Suppose one finds the earliest prime gap of at least a certain size $g$, so that $p_{n+1}-p_n=g$ and $n$ is the smallest index for which the gap is as big as $g$.

Now consider the *relative* size of the gap: $\dfrac{p_{n+1}-p_n}{p_n}$

When will $n$ be the largest index for which the relative size is that big?

Is the set of all values of $n$ for which that happens infinite?

Is the set of all values of $n$ for which that does not happen infinite?

(For example, this happens when $p_n=3$ and when $p_n = 113$.)

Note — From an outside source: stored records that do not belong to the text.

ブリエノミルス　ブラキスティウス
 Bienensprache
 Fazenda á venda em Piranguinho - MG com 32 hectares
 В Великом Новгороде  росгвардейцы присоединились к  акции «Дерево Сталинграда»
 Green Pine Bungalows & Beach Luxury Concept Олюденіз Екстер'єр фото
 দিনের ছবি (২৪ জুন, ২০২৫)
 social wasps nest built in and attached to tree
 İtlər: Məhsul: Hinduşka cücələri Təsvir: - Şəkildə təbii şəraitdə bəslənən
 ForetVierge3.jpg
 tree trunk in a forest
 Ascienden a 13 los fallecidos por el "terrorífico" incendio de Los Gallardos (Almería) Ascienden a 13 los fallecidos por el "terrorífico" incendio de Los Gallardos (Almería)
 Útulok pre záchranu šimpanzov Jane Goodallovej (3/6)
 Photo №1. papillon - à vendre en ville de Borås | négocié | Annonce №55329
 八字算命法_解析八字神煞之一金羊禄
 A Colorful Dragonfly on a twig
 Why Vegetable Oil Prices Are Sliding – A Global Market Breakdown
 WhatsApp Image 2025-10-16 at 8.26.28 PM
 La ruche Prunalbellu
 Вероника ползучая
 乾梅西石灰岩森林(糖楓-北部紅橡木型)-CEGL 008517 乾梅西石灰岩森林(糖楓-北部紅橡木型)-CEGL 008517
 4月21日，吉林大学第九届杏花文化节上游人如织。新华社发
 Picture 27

36 views and two votes, but complete silence ensued when I posted this on math.stackexchange.com. This time it's verbatim the same as what I put there: https://math.stackexchange.com/questions/870438/when-is-the-earliest-large-prime-gap-also-the-latest-large-prime-gap

**PS in response to comments below:** Maybe I should be more explicit. The number $113$ is the **smallest** prime for which the absolute gap size, $127-113=14$, is $\ge14$, and if I'm not mistaken, is also the **largest** prime for which the relative gap size $(127-113)/113=0.12389\ldots$, is $\ge(127-113)/113=0.12389\ldots$.

So consider three sets:

values of $n$ are that are simultaneously the smallest for which the absolute gap size is $\ge$ some number and the largest for which the relative gap size is $\le$ some number;

values of $n$ that are the smallest for which the absolute gap size is $\ge$ some number but

**not**the largest for which the relative gap size is $\le$ whichever value they take on;values of $n$ that are the largest for which the relative gap size is $\le$ some number but

**not**the smallest for which the absolute gap size is $\ge$ whichever number they take on.

So the question would be which of these are empty, which are non-empty but finite, and which are infinite.